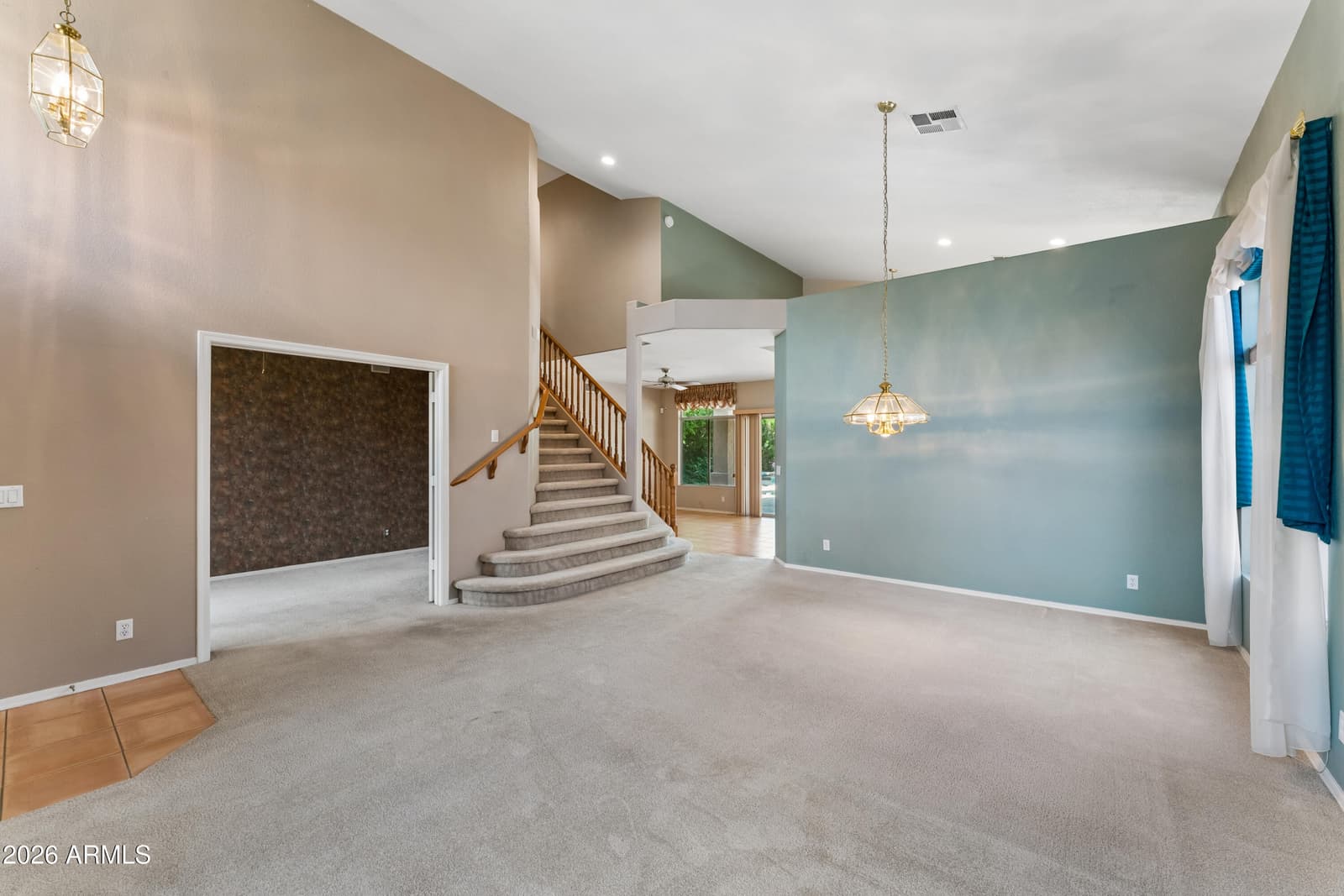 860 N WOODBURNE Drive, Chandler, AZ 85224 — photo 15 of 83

################

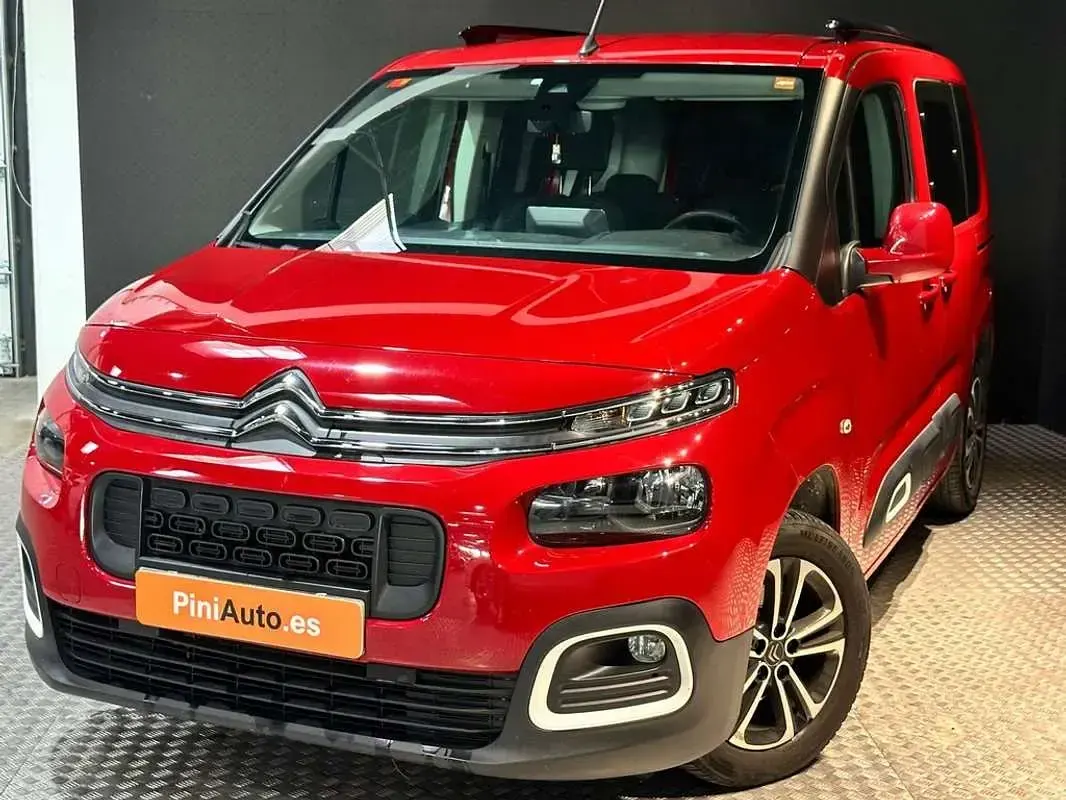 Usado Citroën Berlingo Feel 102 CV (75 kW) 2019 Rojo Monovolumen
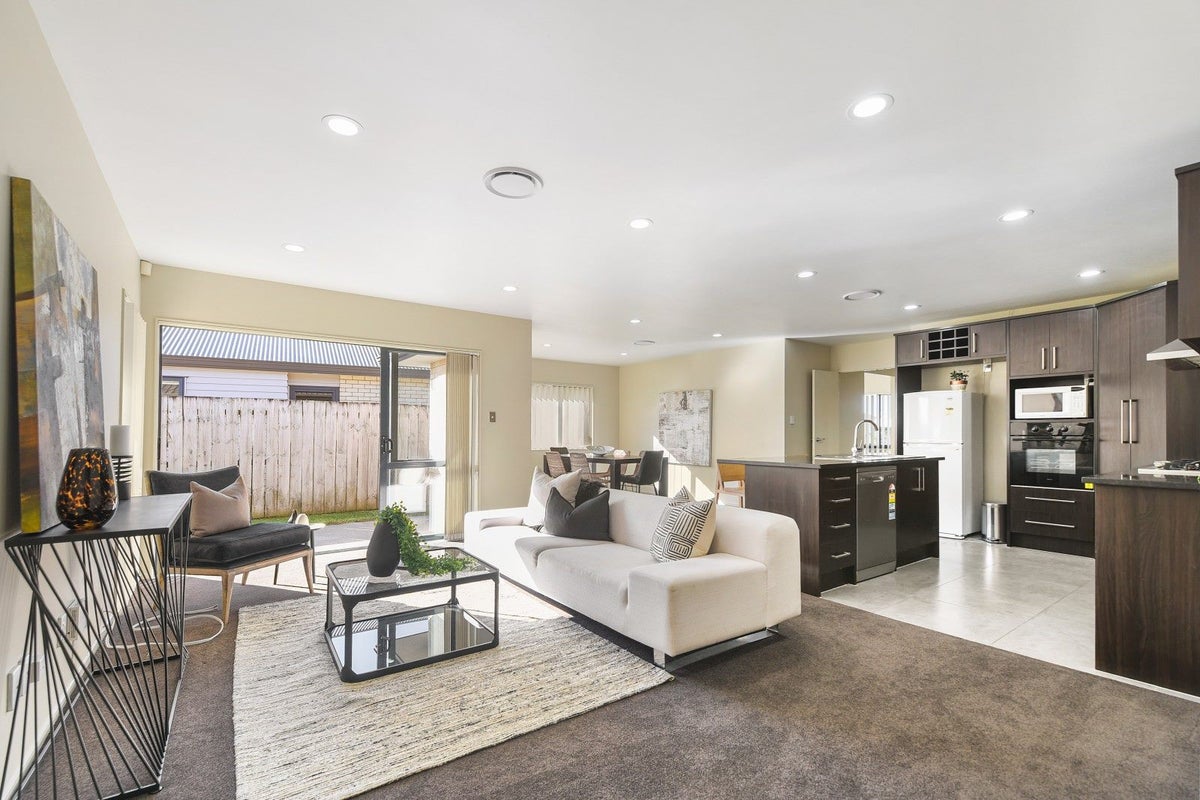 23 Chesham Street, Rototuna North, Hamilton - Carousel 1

################

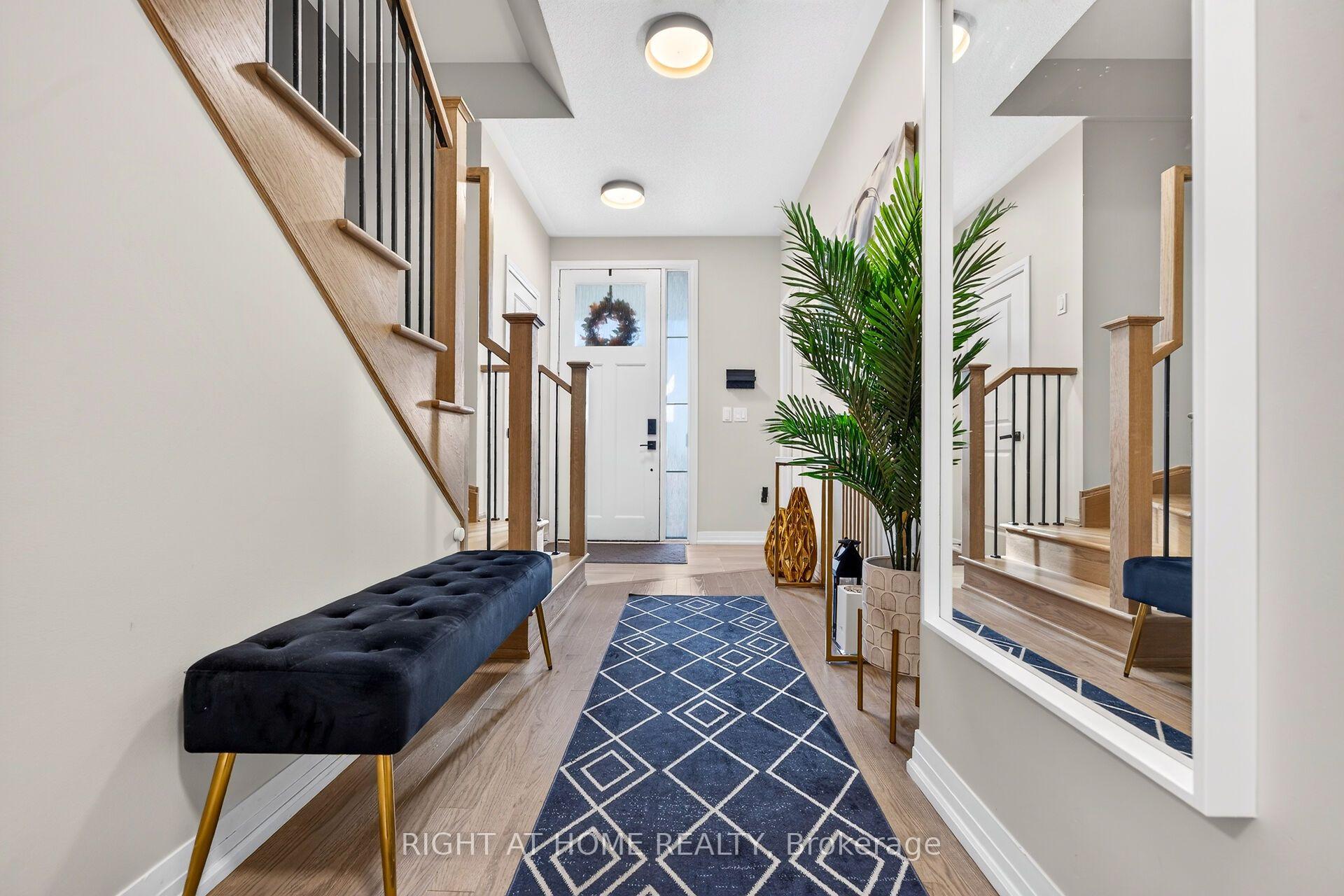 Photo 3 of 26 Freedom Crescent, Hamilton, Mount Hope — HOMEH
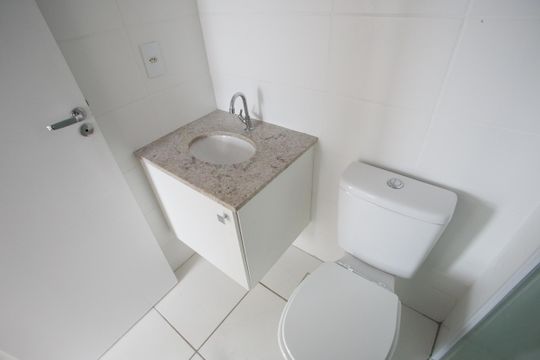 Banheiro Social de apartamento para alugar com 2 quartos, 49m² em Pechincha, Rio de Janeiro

################

Nothing but the lines from the one with "Usado Citroën Berlingo" up to and including the one with "23 Chesham Street, Rototuna" should be printed, exactly as they read above. Please keep the pictures out.

■ Response below ■
 Usado Citroën Berlingo Feel 102 CV (75 kW) 2019 Rojo Monovolumen
 23 Chesham Street, Rototuna North, Hamilton - Carousel 1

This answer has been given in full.